Machine Learning Notes - Linear Regression

Published: August 14, 2013

This is my first post on machine learning, and hopefully not the last one. The main goal of these posts is to serve as a quick reference for simple machine learning problems and their solutions, meanwhile allowing me to get a better understanding of the field itself. That said, don't take anything for granted.

Linear Regression

Linear regression is one of the algorithms used to predict scalar values given some inputs. Linear regression can be modelled like this:

y_i = \beta_1 x_{i1} + \beta_2 x_{i2} + \cdots +\beta_p x_{ip} + \epsilon_i

It can also be written in a vector form as:

\boldsymbol Y = \boldsymbol X \boldsymbol \beta + \boldsymbol \epsilon

We first need to find the model parameters \beta before any predictions, y, can be made for our inputs x.

Finding Betas

Given a set of inputs and outputs we would have to solve a set equations for \beta. The vector form can be solved using linear algebra; the solution takes the form of:

\beta = (X'X)^{-1}X'Y

This particular solution will find betas using the method of ordinary least squares. If linear algebra is not an option, another way to find betas is to minimize the difference between actual values and predicted values by using some function optimization method, e.g. gradient descent.

Data Set

We are going to use a minimal version of the Iris data set in the code examples.

Implementing The Model

In the examples below I am going to implement a simple linear regression model that takes only a single input. This way we can much more easily visualize our data and model; however, the code can be easily extended to support more than one input.

Reading The Data Set

In this example we are going to model the sepal length using sepal width only for setosa flower class.

import csv

def read_iris_data(filename):
    """
    :Parameters:
      - `filename`: name of the file that contains Iris data set.
    """

    sepalWidths = []
    sepalLengths = []

    with open(filename) as fd:
        reader = csv.DictReader(fd)
        for row in reader:
            # Widths will be our inputs, include intercept
            sepalWidths.append([1.0, float(row['sepalWidth'])])
            sepalLengths.append(float(row['sepalLength']))

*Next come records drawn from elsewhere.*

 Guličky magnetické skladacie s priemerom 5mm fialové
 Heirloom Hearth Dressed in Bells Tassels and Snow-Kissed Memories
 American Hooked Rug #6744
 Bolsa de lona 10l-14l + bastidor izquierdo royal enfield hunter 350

    return sepalWidths, sepalLengths

One thing to note here is that we are adding intercept to our inputs (ones). It's not very important in this particular case since our inputs will never evaluate to 0. In other cases it may be useful.

Solving For Betas With NumPy And Linear Algebra

import numpy as np

def fit(inputs, outputs):
    """
    Solve a set of linear regression equations for betas using linear algebra.

    :Parameters:
      - `inputs`: a list of inputs.
      - `outputs`: a list of outputs for given inputs.
    """
    X = np.mat(inputs)
    Y = np.mat(outputs).T
    x_trans_x = X.T * X
    if np.linalg.det(x_trans_x) == 0:
        raise Exception('Cannot inverse singular matrix')
    return (x_trans_x.I * (X.T * Y)).A.flatten()

The fit() function expects a list of tuples as inputs, and a list of output values. The model parameters will be returned as a list. If we are going to run this function on our data set we will get a these beta coefficients [2.63900125 0.69048972]. Thus, our regression function looks as follows:

sepalLength = 2.63900125 + 0.69048972 \times sepalWidth

Solving For Betas With scikit-learn

scikit-learn package comes with a linear model which can be used to solve linear regression problems.

import numpy as np
from sklearn import linear_model

X = np.array(inputs)
Y = np.array(outputs)
# Don't include intercept since we already added it while loading
# data.
model = linear_model.LinearRegression(fit_intercept=False)
model.fit(X, Y)

The model parameters are stored in model.coef_ and for our dataset they are array([ 2.63900125, 0.69048972]). Predictions can be done by calling model.predict method.

Assessing Your Model

For simple cases that have only a single input we can plot the regression line and the data points together to see how well our model fits the data.

The red line represents our original model, which I think looks fairly well. However, if we look at our dataset the first data point looks like an outlier. We can try to build a model using a data set without the outlier. The green regression line represents the model where the outlier was removed from the training set.

By looking at the graphs it's diffucult to tell which model is a better one. We can take a look at the coefficient of determination (R^2) for each of them. scikit-learn model provides score method which can be used to obtain it. For the first model we have R^2 of 0.551375580392 and for the second one—0.547248091457. The closer R^2 to 1 the better our model is.